• **TASK REQUIREMENTS**
Look through the data below for the line with "J Crew WM 00", and transcribe it exactly together with each line after it up to and including the line with "ミニトマトのおもさはどれくらい？". Give nothing else.

(Short descriptive text snippets)
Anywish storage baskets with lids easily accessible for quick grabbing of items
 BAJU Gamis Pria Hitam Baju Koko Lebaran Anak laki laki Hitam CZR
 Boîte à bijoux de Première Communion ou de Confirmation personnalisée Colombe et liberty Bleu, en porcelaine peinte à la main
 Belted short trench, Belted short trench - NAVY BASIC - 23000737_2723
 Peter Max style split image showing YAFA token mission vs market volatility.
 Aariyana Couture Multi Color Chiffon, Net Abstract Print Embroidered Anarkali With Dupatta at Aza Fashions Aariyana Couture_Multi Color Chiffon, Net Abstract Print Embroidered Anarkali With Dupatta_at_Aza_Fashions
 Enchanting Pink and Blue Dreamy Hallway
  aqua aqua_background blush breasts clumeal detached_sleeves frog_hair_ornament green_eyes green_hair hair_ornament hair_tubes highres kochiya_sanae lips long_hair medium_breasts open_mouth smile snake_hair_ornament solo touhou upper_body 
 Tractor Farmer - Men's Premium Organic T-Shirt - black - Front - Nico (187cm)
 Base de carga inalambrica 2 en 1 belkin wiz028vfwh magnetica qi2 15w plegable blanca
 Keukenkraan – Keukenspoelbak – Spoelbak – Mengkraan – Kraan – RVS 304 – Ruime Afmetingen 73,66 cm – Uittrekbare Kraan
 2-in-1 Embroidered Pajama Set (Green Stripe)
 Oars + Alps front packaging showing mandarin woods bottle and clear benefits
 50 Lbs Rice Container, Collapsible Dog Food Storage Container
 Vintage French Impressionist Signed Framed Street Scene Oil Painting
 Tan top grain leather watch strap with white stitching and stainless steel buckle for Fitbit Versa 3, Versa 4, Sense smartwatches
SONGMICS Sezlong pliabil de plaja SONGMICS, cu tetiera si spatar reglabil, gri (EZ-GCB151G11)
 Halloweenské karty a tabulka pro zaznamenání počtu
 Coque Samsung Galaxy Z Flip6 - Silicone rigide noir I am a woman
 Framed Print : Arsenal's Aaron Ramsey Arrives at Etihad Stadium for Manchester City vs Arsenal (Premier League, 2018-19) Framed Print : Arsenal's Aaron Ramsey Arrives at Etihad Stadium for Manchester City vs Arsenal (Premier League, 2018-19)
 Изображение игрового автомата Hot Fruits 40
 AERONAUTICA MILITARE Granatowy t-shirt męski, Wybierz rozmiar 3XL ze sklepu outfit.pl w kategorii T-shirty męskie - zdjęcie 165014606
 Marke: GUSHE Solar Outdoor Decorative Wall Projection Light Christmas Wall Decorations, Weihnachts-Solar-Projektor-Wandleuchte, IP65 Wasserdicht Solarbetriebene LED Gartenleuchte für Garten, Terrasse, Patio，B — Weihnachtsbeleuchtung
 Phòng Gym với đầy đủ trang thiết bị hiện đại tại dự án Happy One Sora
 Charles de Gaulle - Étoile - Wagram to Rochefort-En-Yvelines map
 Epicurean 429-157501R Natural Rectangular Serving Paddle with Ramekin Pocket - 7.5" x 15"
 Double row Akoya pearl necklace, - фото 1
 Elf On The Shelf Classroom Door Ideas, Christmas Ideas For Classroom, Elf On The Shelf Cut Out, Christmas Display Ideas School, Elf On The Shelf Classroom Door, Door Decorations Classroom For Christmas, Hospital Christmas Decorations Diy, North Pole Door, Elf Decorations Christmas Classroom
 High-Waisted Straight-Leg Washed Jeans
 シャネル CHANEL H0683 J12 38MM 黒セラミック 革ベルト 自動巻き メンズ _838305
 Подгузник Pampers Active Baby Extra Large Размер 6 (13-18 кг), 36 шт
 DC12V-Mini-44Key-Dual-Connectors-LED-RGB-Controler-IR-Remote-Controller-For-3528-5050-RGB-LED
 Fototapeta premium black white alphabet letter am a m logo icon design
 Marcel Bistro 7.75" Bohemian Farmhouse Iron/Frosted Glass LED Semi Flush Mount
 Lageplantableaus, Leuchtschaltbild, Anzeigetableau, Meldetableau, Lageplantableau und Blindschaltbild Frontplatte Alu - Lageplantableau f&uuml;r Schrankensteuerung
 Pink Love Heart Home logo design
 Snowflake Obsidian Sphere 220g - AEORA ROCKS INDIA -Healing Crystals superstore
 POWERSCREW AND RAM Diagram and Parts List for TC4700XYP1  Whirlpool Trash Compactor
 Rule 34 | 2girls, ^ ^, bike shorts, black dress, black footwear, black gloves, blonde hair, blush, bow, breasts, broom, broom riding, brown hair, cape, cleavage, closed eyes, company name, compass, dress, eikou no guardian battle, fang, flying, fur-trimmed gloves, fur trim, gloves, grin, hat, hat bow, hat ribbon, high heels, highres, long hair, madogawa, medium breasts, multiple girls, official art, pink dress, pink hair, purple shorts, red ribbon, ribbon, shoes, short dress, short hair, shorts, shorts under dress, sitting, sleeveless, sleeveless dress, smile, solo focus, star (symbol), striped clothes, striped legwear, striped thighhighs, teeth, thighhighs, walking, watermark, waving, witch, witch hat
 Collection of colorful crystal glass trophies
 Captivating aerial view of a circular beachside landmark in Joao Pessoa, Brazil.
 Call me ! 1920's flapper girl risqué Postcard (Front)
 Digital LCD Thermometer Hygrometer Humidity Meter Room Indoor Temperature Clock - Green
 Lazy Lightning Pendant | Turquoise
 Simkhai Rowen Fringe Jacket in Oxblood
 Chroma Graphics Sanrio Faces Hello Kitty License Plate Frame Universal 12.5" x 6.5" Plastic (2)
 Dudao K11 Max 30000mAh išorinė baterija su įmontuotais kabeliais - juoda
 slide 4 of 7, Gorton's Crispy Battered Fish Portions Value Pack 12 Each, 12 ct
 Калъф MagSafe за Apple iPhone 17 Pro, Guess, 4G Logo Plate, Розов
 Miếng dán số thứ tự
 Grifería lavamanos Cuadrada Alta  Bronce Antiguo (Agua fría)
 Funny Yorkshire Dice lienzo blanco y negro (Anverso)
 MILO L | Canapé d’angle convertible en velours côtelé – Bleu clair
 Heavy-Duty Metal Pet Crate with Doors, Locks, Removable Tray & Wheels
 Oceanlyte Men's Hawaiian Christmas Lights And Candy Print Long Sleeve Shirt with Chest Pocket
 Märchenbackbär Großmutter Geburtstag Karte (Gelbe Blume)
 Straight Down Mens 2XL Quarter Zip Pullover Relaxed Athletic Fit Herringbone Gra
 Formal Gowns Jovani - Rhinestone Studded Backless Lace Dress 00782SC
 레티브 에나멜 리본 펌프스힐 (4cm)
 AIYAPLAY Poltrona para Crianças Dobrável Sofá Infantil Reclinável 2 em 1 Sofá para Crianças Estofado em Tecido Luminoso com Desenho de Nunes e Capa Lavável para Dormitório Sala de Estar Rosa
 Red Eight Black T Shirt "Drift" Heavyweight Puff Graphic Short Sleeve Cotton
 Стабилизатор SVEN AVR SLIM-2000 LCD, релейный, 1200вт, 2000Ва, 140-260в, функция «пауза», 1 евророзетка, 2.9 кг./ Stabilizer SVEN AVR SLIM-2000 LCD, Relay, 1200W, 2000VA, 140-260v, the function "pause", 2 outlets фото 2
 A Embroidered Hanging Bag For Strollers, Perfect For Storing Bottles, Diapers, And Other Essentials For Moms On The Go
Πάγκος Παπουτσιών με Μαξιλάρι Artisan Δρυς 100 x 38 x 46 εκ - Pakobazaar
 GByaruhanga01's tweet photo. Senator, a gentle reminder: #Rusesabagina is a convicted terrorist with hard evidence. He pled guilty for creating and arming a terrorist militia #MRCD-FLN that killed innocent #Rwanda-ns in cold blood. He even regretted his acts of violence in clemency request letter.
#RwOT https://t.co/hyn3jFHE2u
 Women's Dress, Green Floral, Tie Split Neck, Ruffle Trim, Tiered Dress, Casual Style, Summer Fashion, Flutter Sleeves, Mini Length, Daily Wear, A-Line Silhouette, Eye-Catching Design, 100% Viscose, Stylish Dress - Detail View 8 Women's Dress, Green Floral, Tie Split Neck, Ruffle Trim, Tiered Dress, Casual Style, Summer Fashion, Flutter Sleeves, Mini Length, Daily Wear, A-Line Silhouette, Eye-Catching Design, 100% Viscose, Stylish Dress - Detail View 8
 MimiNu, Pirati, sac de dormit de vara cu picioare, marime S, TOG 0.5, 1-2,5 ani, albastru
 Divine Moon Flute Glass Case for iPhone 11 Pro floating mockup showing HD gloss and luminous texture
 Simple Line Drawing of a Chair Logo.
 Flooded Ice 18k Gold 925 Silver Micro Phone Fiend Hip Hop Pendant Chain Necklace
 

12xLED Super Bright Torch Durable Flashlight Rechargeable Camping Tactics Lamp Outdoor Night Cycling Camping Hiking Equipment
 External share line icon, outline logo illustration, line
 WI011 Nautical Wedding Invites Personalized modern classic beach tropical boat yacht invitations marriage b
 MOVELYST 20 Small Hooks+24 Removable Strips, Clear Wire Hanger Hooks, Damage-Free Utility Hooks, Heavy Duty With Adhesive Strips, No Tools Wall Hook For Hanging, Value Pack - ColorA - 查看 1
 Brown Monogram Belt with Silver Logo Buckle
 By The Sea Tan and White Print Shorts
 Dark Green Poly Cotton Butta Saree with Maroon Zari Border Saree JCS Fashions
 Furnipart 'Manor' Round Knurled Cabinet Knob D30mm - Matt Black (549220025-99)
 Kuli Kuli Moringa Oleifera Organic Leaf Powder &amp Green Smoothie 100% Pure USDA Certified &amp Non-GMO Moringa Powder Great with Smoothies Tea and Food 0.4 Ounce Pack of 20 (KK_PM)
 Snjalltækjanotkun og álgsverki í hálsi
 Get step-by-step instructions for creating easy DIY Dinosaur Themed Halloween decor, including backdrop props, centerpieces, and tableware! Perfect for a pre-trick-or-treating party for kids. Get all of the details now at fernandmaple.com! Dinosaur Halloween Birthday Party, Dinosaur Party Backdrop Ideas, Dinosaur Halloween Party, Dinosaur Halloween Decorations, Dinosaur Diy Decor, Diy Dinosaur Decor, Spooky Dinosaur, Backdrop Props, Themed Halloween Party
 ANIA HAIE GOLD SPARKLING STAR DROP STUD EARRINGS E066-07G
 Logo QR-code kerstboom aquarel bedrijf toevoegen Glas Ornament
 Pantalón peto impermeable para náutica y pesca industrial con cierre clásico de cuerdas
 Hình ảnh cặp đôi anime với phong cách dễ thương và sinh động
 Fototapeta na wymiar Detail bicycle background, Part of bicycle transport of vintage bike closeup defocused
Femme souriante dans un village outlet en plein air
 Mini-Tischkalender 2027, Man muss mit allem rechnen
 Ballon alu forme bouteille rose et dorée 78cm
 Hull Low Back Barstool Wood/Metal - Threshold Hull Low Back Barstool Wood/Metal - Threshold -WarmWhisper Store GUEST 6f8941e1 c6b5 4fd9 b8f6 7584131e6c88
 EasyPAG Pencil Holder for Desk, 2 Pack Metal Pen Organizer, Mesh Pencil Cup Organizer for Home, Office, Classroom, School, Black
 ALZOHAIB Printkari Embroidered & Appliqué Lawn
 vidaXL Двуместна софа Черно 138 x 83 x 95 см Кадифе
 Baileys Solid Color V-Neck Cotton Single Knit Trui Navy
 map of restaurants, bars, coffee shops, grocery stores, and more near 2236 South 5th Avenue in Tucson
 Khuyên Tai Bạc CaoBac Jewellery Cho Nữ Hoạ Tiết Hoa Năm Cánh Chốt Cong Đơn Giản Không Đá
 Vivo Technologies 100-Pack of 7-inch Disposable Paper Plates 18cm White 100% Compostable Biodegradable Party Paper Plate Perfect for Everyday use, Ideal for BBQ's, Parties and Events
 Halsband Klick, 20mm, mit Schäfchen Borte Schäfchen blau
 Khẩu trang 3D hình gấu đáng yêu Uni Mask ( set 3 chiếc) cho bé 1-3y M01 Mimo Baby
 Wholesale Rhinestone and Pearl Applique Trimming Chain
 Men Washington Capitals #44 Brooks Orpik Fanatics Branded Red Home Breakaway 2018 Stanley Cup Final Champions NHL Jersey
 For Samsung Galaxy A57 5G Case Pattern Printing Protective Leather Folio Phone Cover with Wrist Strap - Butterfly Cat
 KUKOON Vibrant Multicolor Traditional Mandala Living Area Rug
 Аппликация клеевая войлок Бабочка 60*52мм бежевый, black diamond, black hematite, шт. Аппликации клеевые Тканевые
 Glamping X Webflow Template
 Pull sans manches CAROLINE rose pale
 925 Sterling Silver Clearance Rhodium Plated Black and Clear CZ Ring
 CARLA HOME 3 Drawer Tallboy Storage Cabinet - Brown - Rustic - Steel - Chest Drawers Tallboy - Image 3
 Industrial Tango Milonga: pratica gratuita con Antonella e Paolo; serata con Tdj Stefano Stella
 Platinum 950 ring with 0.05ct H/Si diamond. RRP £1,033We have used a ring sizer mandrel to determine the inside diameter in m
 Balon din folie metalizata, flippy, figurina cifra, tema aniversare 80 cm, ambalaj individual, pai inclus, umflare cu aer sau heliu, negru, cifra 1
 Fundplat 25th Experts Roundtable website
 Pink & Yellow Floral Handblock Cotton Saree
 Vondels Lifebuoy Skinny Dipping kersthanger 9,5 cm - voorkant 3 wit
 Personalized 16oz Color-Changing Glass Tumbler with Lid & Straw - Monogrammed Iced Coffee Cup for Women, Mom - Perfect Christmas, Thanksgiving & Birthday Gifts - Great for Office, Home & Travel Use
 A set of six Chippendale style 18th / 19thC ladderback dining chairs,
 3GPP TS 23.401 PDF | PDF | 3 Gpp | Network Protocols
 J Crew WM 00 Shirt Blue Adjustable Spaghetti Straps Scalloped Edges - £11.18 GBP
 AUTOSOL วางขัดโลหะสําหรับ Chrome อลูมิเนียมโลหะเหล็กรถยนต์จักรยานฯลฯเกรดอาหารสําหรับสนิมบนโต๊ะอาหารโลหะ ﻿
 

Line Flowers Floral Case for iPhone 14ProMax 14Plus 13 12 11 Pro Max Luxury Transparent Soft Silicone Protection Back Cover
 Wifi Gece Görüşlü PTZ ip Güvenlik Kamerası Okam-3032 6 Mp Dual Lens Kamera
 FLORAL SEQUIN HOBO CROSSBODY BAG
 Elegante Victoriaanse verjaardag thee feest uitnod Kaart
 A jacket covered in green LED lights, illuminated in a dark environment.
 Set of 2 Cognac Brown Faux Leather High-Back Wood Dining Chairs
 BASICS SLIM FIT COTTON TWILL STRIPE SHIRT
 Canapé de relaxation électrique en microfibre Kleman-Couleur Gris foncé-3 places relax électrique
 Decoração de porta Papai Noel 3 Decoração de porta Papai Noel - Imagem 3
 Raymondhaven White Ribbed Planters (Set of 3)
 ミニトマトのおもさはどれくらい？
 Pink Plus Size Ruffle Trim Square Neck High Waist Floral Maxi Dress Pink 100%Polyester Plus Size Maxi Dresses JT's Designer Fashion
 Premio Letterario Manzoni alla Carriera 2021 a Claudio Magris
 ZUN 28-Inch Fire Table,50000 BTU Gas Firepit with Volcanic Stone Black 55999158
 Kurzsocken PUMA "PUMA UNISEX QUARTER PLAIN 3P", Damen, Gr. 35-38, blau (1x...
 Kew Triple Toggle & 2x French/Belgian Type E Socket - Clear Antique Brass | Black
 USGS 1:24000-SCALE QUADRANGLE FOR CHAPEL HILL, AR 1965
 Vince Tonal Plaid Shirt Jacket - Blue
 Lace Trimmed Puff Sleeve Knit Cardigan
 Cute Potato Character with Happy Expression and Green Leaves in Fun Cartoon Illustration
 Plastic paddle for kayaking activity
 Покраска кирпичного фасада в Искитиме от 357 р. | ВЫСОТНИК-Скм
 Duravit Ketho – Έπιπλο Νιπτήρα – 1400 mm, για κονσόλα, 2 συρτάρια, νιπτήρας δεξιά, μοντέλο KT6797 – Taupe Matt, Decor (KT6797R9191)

• **WORKED SOLUTION**
 J Crew WM 00 Shirt Blue Adjustable Spaghetti Straps Scalloped Edges - £11.18 GBP
 AUTOSOL วางขัดโลหะสําหรับ Chrome อลูมิเนียมโลหะเหล็กรถยนต์จักรยานฯลฯเกรดอาหารสําหรับสนิมบนโต๊ะอาหารโลหะ ﻿
 

Line Flowers Floral Case for iPhone 14ProMax 14Plus 13 12 11 Pro Max Luxury Transparent Soft Silicone Protection Back Cover
 Wifi Gece Görüşlü PTZ ip Güvenlik Kamerası Okam-3032 6 Mp Dual Lens Kamera
 FLORAL SEQUIN HOBO CROSSBODY BAG
 Elegante Victoriaanse verjaardag thee feest uitnod Kaart
 A jacket covered in green LED lights, illuminated in a dark environment.
 Set of 2 Cognac Brown Faux Leather High-Back Wood Dining Chairs
 BASICS SLIM FIT COTTON TWILL STRIPE SHIRT
 Canapé de relaxation électrique en microfibre Kleman-Couleur Gris foncé-3 places relax électrique
 Decoração de porta Papai Noel 3 Decoração de porta Papai Noel - Imagem 3
 Raymondhaven White Ribbed Planters (Set of 3)
 ミニトマトのおもさはどれくらい？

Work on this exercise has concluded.